──────── PROVIDED MATERIAL ────────

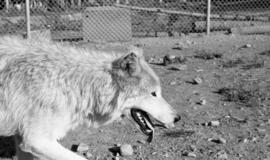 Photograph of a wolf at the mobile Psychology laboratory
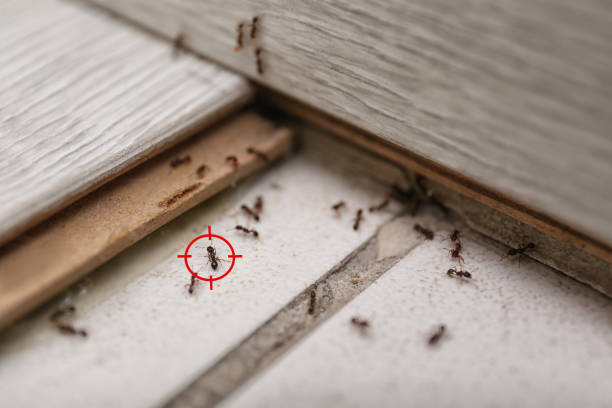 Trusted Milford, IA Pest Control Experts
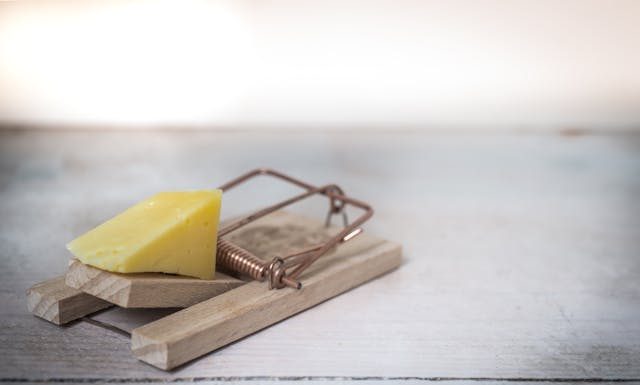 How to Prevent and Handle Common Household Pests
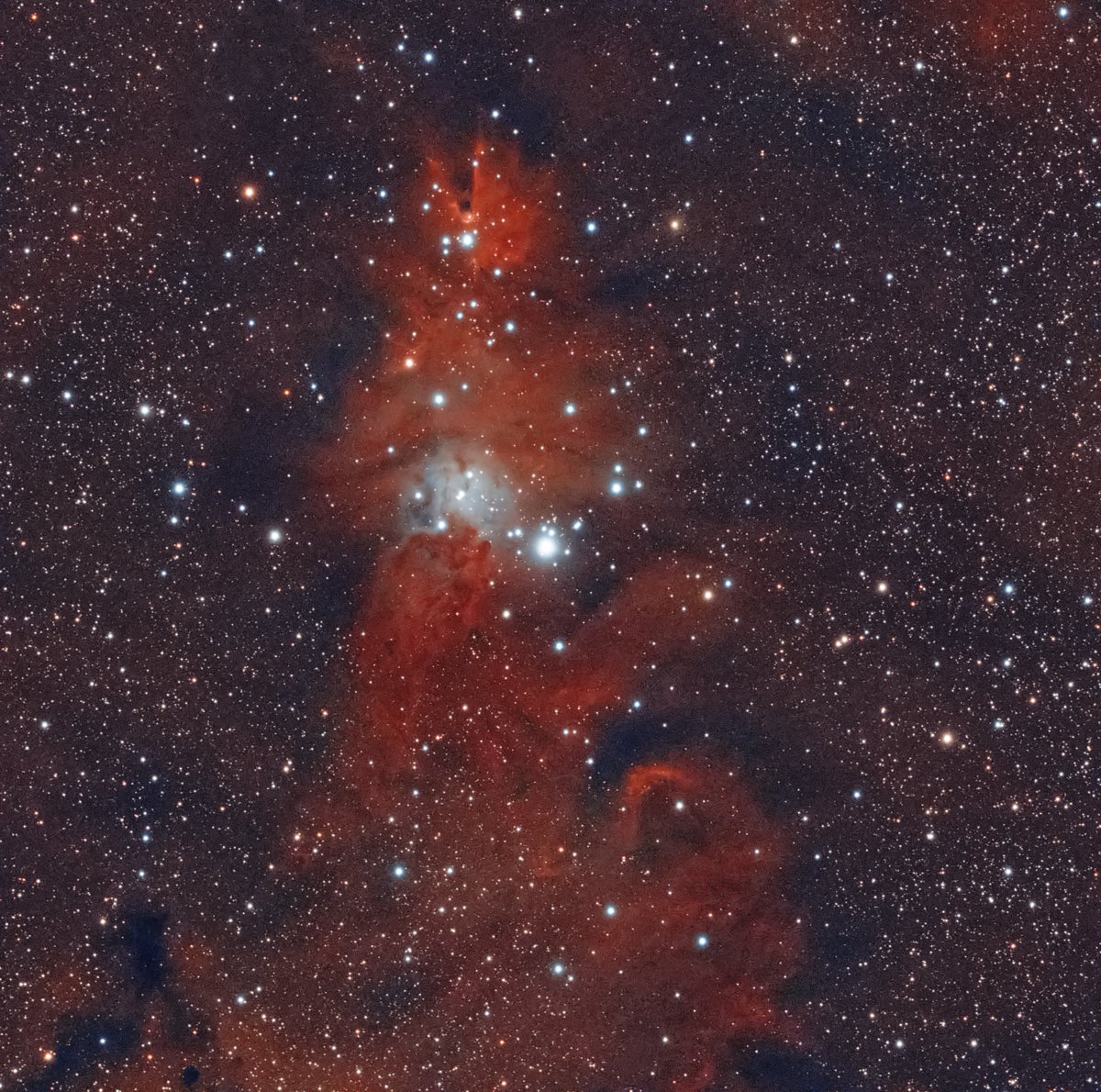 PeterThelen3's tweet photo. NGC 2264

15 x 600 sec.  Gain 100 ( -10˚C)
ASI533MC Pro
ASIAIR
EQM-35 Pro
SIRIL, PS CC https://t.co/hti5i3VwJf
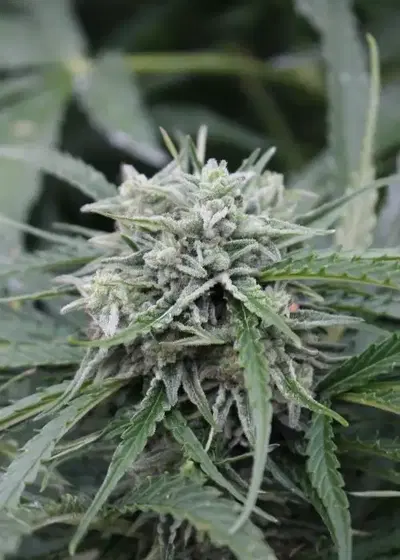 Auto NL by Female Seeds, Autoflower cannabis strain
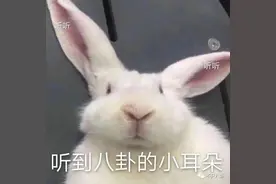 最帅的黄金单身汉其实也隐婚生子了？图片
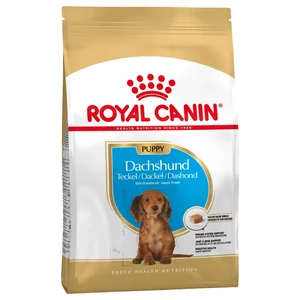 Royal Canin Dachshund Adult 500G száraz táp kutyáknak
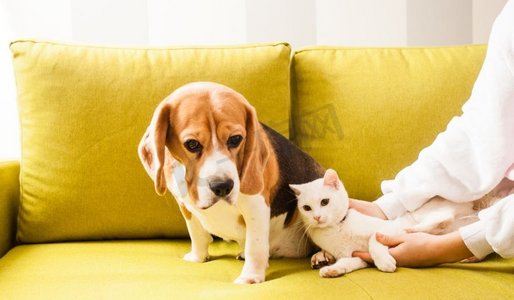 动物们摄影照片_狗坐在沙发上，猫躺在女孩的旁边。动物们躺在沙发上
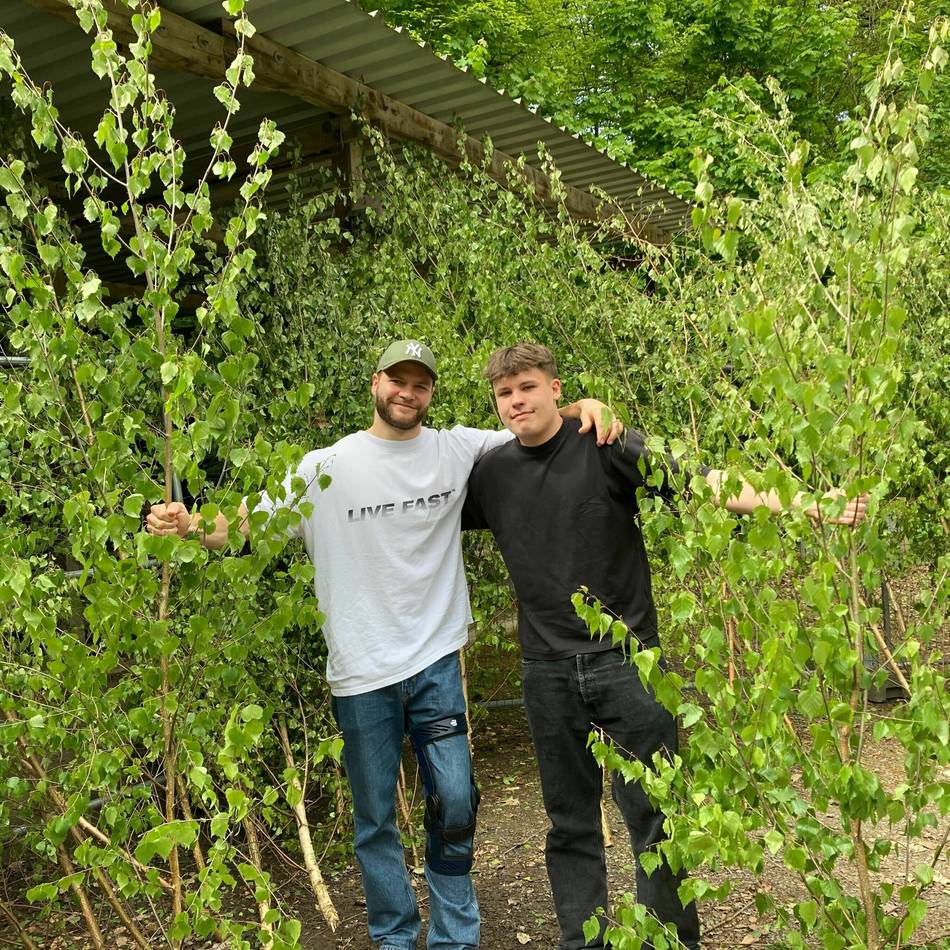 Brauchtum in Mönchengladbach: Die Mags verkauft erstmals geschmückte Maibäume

────────
──────── PROVIDED MATERIAL ────────

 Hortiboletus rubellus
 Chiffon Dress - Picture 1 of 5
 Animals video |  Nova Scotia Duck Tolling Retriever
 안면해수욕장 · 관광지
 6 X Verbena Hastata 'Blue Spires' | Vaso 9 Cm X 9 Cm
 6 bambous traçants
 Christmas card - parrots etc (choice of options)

────────

▸ EXERCISE DIRECTIONS: Would you please copy exactly the part of the entries above that begins at the line containing "Animals video |" and ends at the line containing "Christmas card - parrots", both lines included?

▸ SOLVED EXERCISE:
 Animals video |  Nova Scotia Duck Tolling Retriever
 안면해수욕장 · 관광지
 6 X Verbena Hastata 'Blue Spires' | Vaso 9 Cm X 9 Cm
 6 bambous traçants
 Christmas card - parrots etc (choice of options)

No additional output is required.